* [EXERCISE DATA]:
Start of Block
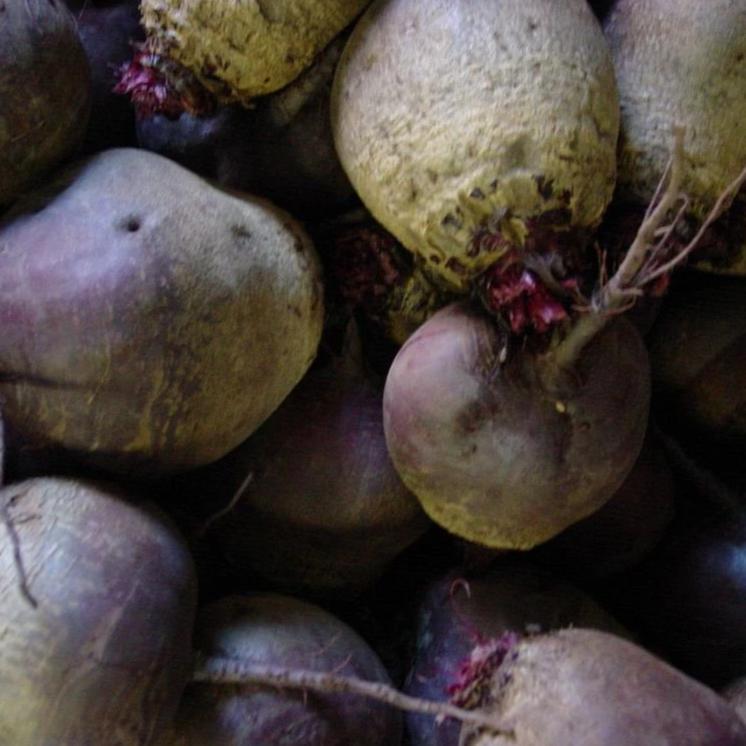 Detroit Dark Red Beet vendor-unknown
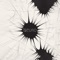 Neuro - Oly et les Cafards lyrics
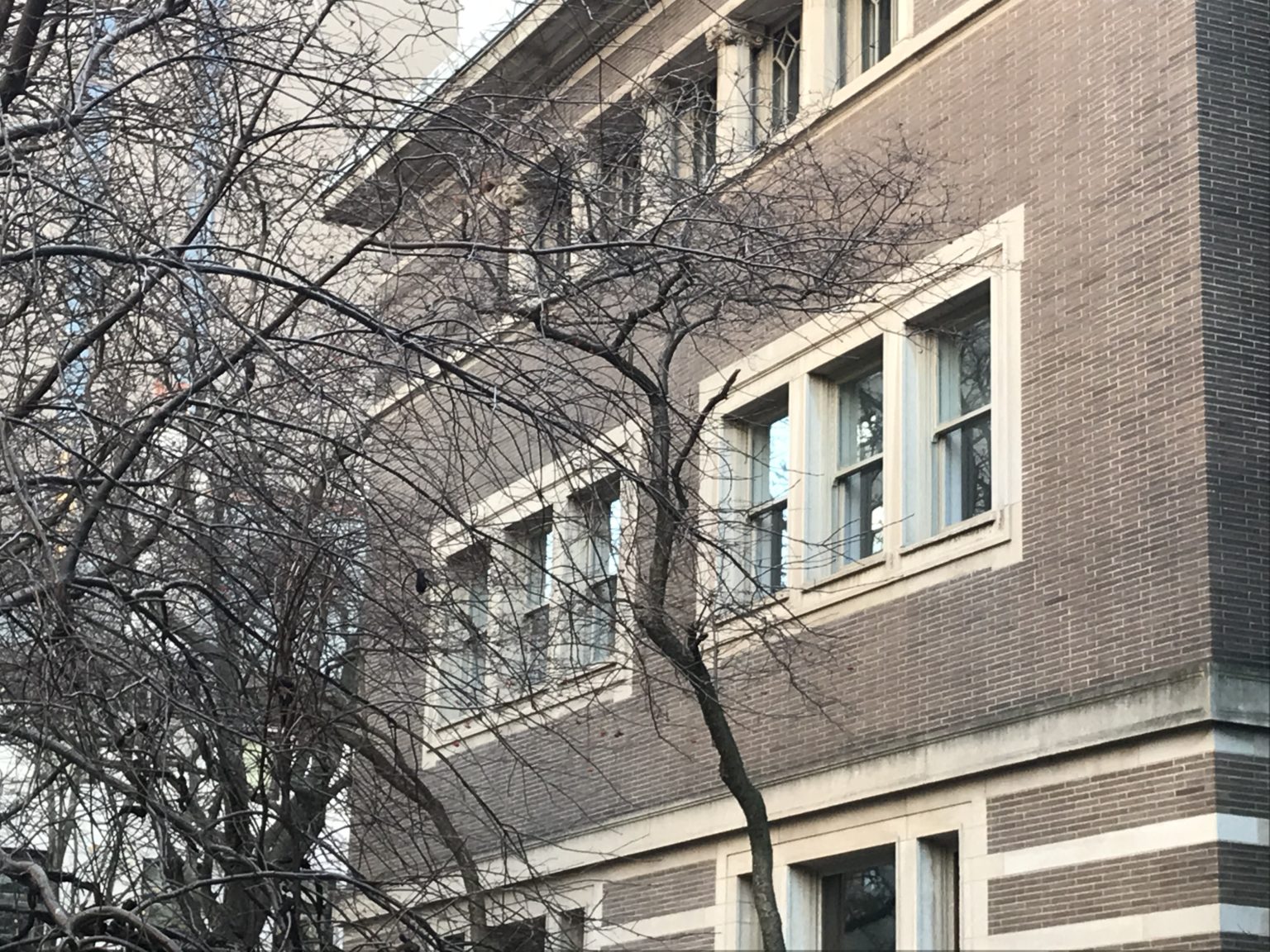 Albert F. Madlener House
End of Block
Drop the pictures, then repeat the material word for word.

 Detroit Dark Red Beet vendor-unknown
 Neuro - Oly et les Cafards lyrics
 Albert F. Madlener House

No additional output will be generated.